**PROVIDED DATA**
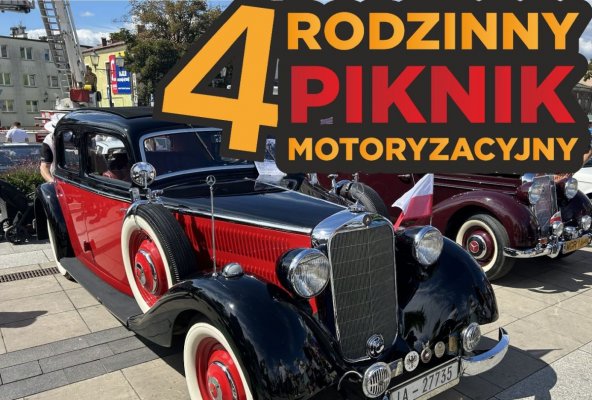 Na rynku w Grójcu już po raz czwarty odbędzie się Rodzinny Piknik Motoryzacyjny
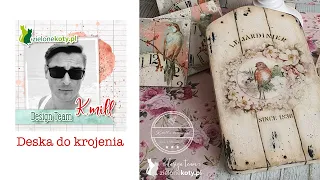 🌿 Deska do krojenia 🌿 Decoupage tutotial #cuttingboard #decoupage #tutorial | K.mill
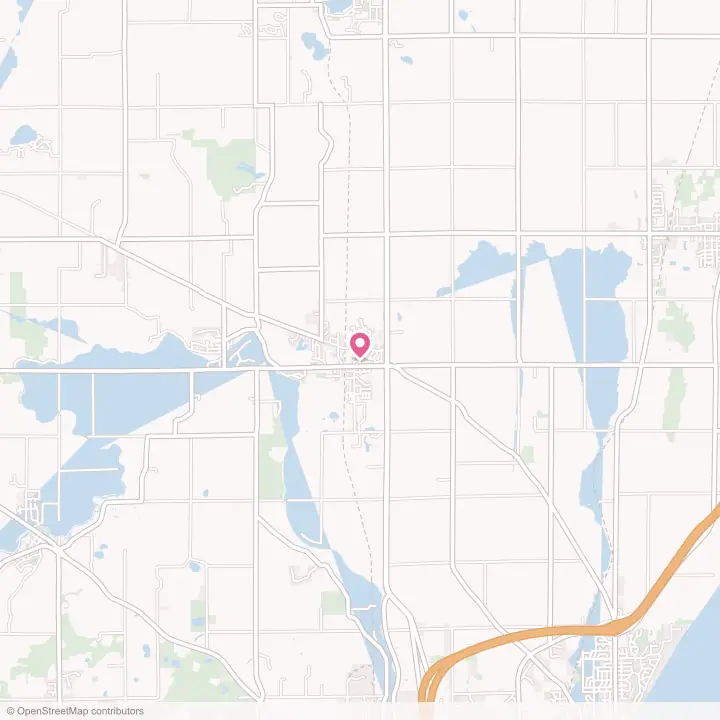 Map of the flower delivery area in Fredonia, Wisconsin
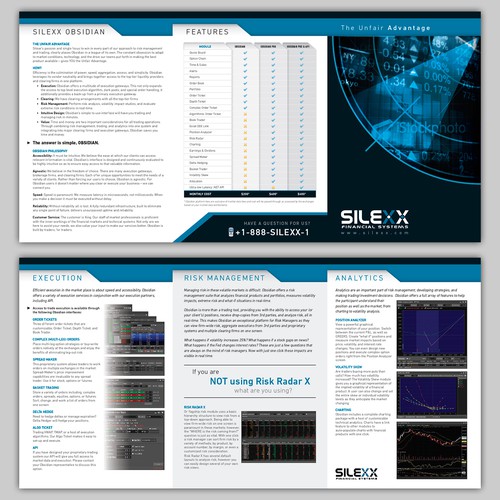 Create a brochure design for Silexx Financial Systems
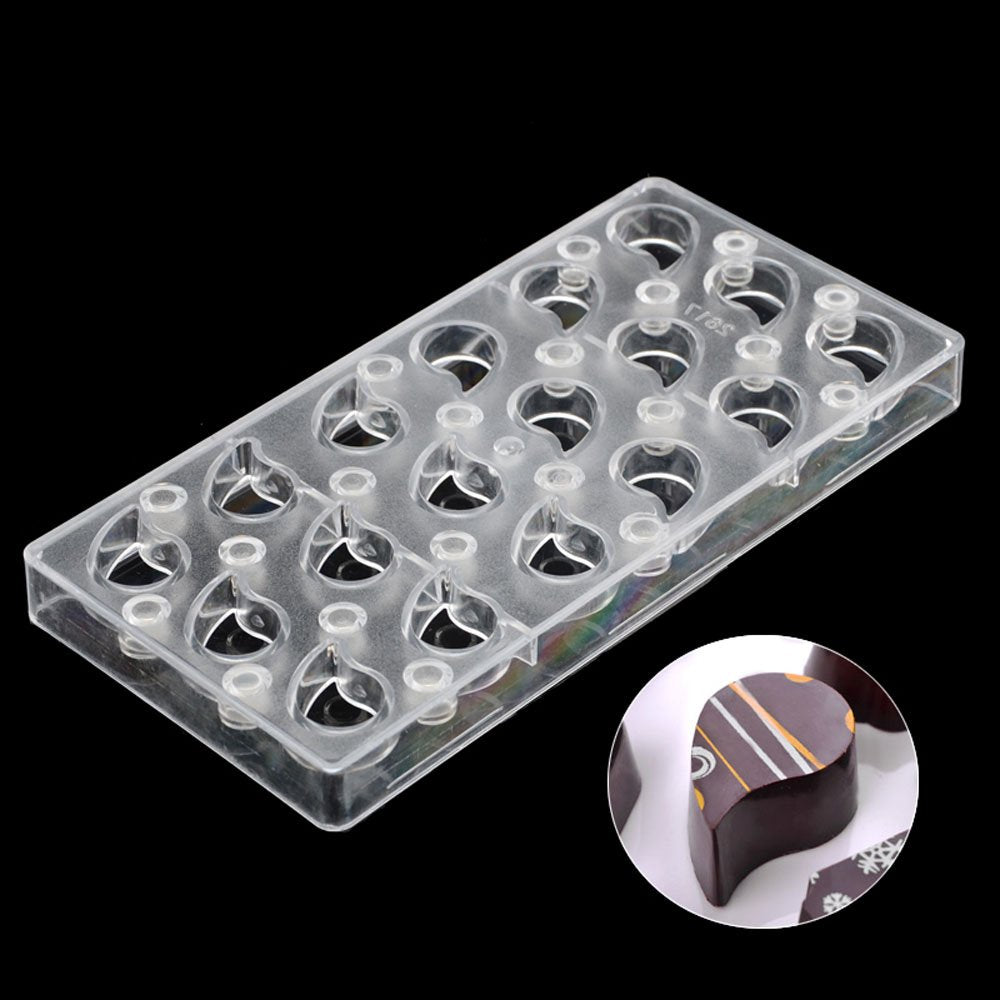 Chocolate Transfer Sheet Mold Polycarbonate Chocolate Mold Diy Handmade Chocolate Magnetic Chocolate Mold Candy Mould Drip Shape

**TASK STATEMENT**
When you repeat the data, keep every line exact and drop the images.

**EXPECTED OUTPUT**
 Na rynku w Grójcu już po raz czwarty odbędzie się Rodzinny Piknik Motoryzacyjny
 🌿 Deska do krojenia 🌿 Decoupage tutotial #cuttingboard #decoupage #tutorial | K.mill
 Map of the flower delivery area in Fredonia, Wisconsin
 Create a brochure design for Silexx Financial Systems
 Chocolate Transfer Sheet Mold Polycarbonate Chocolate Mold Diy Handmade Chocolate Magnetic Chocolate Mold Candy Mould Drip Shape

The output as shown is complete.